[Data records Boundary: Start]

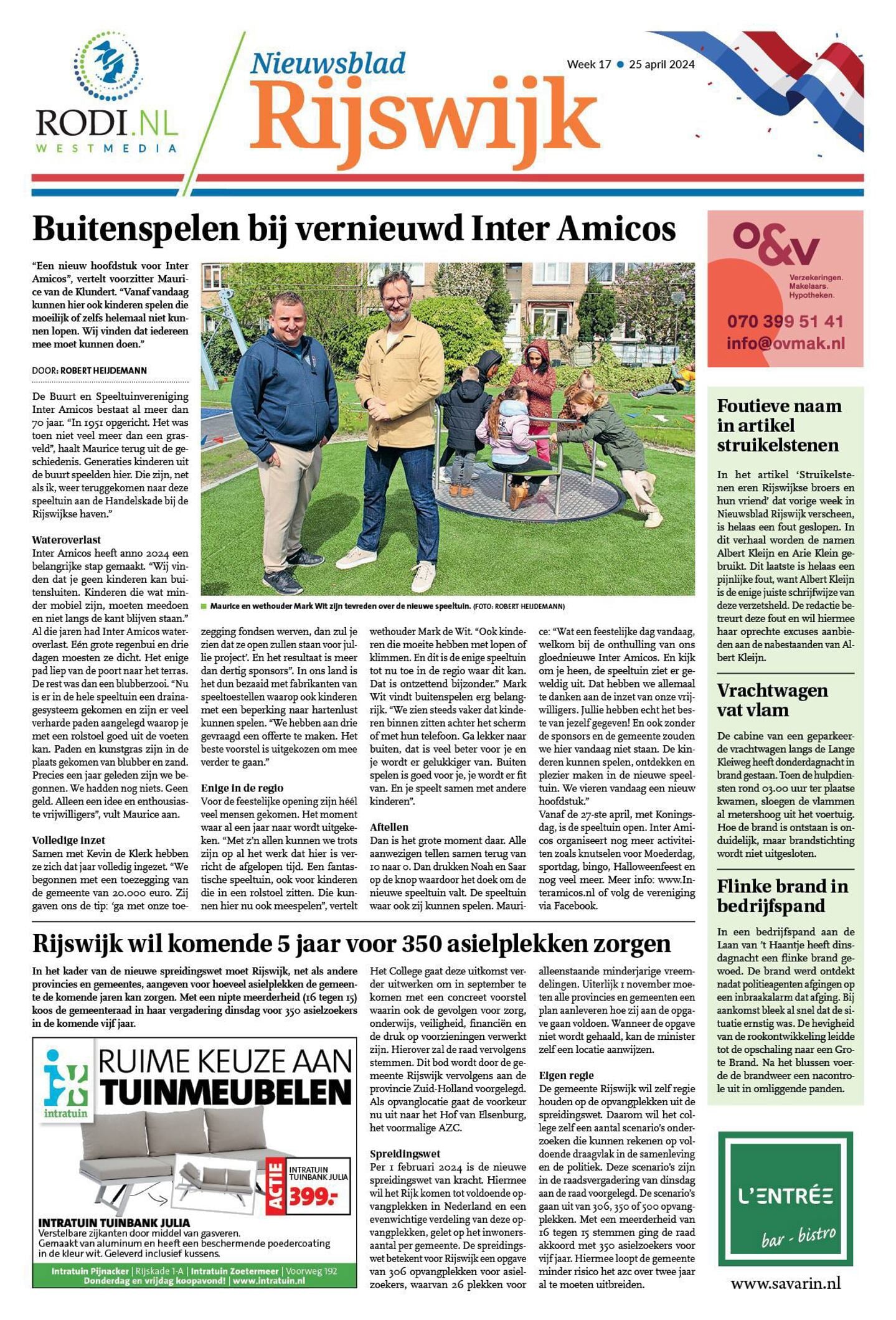 Nieuwsblad Rijswijk 2024-17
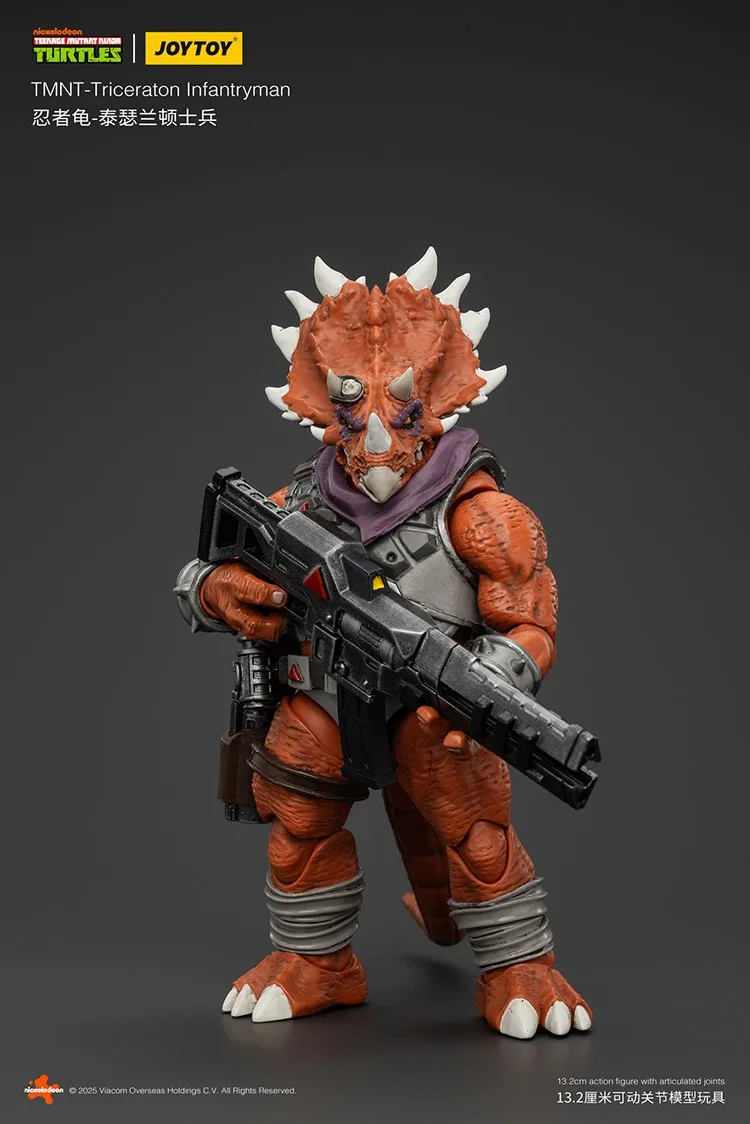 JOYTOY TMNT-Triceraton Infantryman Action Figures Doll Collection Decoration Gift Original Model Collect Toys
JOYTOY TMNT-Triceraton Infantryman Action Figures Doll Collection Decoration Gift Original Model Collect Toys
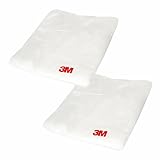 Cleverry Set mit 3M Schutzanzug Größe XL, Schutzkleidung Typ CE, I cat, Polypropylen 45 g / m2, weiß - 2 Stück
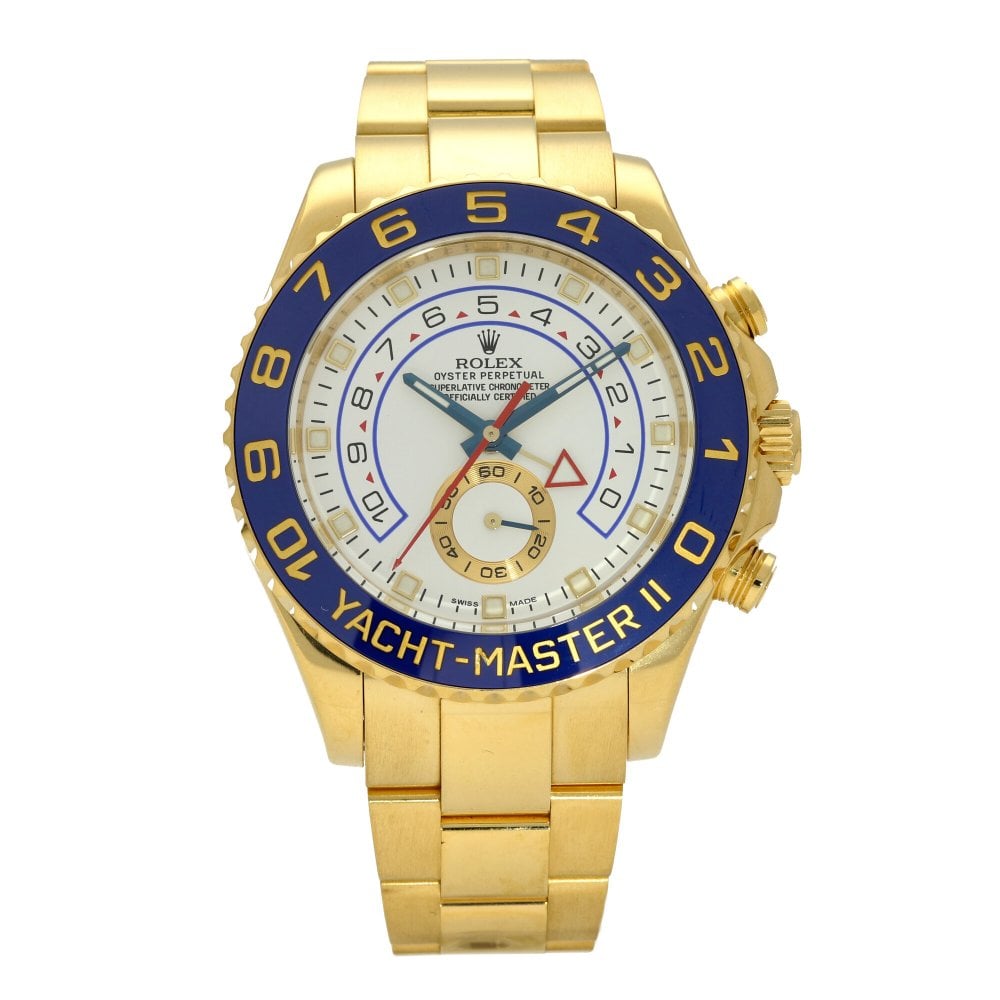 Yacht Master II White Gold /Platinum 622271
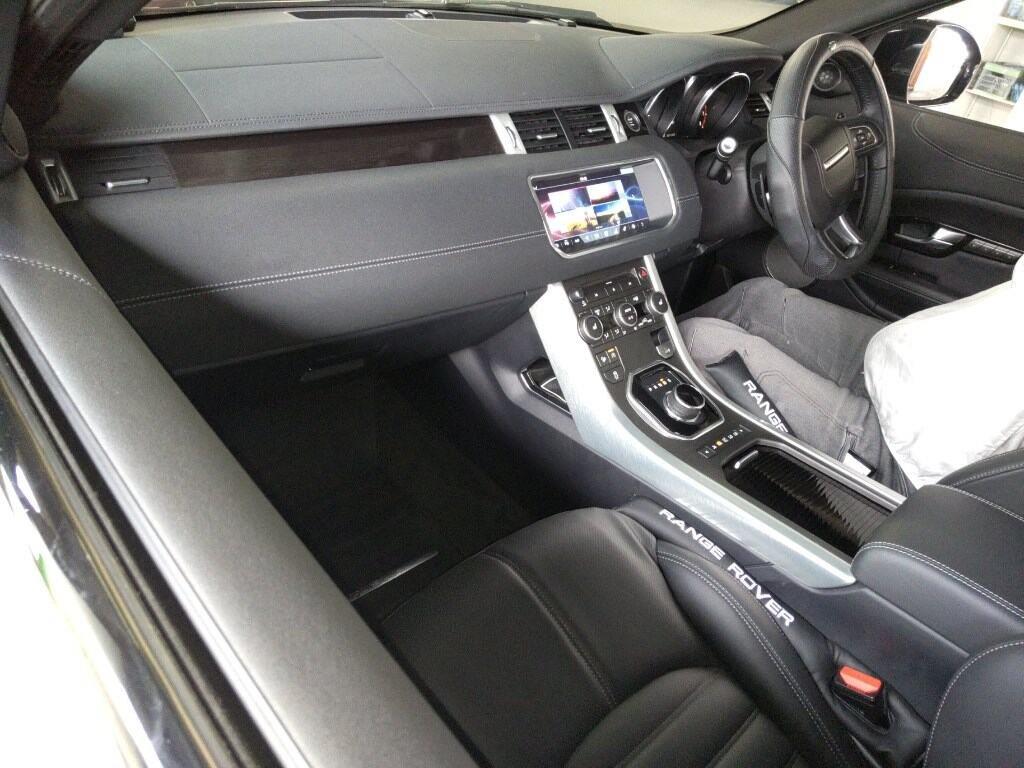 2017 Land Rover RANGE ROVER EVOQUE 4WD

[Data records Boundary: End]

● **Exercise goal**
Retype every entry above exactly and, please, skip the pictures.

● **Result of the exercise**
 Nieuwsblad Rijswijk 2024-17
 JOYTOY TMNT-Triceraton Infantryman Action Figures Doll Collection Decoration Gift Original Model Collect Toys
JOYTOY TMNT-Triceraton Infantryman Action Figures Doll Collection Decoration Gift Original Model Collect Toys
 Cleverry Set mit 3M Schutzanzug Größe XL, Schutzkleidung Typ CE, I cat, Polypropylen 45 g / m2, weiß - 2 Stück
 Yacht Master II White Gold /Platinum 622271
 2017 Land Rover RANGE ROVER EVOQUE 4WD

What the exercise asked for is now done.